**Task statement**: Reproduce, character for character, the entries from their opening line through the line with "Invités au restaurant".

**Source data**:
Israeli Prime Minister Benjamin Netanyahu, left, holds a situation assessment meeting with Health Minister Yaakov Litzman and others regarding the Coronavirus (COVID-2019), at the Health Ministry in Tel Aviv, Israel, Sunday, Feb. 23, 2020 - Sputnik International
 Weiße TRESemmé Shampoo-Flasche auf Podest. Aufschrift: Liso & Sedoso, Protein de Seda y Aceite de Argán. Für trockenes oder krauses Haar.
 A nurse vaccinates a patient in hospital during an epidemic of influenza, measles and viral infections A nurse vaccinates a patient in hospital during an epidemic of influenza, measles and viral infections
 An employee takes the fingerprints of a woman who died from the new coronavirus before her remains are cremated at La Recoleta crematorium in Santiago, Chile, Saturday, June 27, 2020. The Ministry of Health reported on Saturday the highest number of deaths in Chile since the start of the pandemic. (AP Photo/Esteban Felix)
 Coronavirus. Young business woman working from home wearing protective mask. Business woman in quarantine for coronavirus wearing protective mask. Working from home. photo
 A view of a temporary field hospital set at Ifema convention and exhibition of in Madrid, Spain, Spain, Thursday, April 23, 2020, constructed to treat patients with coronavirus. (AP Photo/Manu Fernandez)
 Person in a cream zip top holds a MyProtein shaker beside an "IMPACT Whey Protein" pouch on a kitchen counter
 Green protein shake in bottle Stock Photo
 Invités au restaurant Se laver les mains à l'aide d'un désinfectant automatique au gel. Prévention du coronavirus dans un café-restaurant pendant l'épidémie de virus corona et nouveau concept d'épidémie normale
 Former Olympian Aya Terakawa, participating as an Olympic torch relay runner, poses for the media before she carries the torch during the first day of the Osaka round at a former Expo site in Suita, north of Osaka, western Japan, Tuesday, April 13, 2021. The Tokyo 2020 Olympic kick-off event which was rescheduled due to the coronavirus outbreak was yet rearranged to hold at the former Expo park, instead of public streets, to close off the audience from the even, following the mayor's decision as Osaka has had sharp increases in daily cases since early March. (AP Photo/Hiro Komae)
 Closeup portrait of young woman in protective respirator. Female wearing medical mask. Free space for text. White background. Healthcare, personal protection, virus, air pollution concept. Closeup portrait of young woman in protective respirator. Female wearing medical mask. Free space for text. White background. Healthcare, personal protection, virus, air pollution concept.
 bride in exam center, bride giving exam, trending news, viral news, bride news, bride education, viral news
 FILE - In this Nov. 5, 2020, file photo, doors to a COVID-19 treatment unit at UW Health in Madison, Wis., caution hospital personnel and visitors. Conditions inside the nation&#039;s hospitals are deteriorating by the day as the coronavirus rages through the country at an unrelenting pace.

**Solution for this problem**:
Israeli Prime Minister Benjamin Netanyahu, left, holds a situation assessment meeting with Health Minister Yaakov Litzman and others regarding the Coronavirus (COVID-2019), at the Health Ministry in Tel Aviv, Israel, Sunday, Feb. 23, 2020 - Sputnik International
 Weiße TRESemmé Shampoo-Flasche auf Podest. Aufschrift: Liso & Sedoso, Protein de Seda y Aceite de Argán. Für trockenes oder krauses Haar.
 A nurse vaccinates a patient in hospital during an epidemic of influenza, measles and viral infections A nurse vaccinates a patient in hospital during an epidemic of influenza, measles and viral infections
 An employee takes the fingerprints of a woman who died from the new coronavirus before her remains are cremated at La Recoleta crematorium in Santiago, Chile, Saturday, June 27, 2020. The Ministry of Health reported on Saturday the highest number of deaths in Chile since the start of the pandemic. (AP Photo/Esteban Felix)
 Coronavirus. Young business woman working from home wearing protective mask. Business woman in quarantine for coronavirus wearing protective mask. Working from home. photo
 A view of a temporary field hospital set at Ifema convention and exhibition of in Madrid, Spain, Spain, Thursday, April 23, 2020, constructed to treat patients with coronavirus. (AP Photo/Manu Fernandez)
 Person in a cream zip top holds a MyProtein shaker beside an "IMPACT Whey Protein" pouch on a kitchen counter
 Green protein shake in bottle Stock Photo
 Invités au restaurant Se laver les mains à l'aide d'un désinfectant automatique au gel. Prévention du coronavirus dans un café-restaurant pendant l'épidémie de virus corona et nouveau concept d'épidémie normale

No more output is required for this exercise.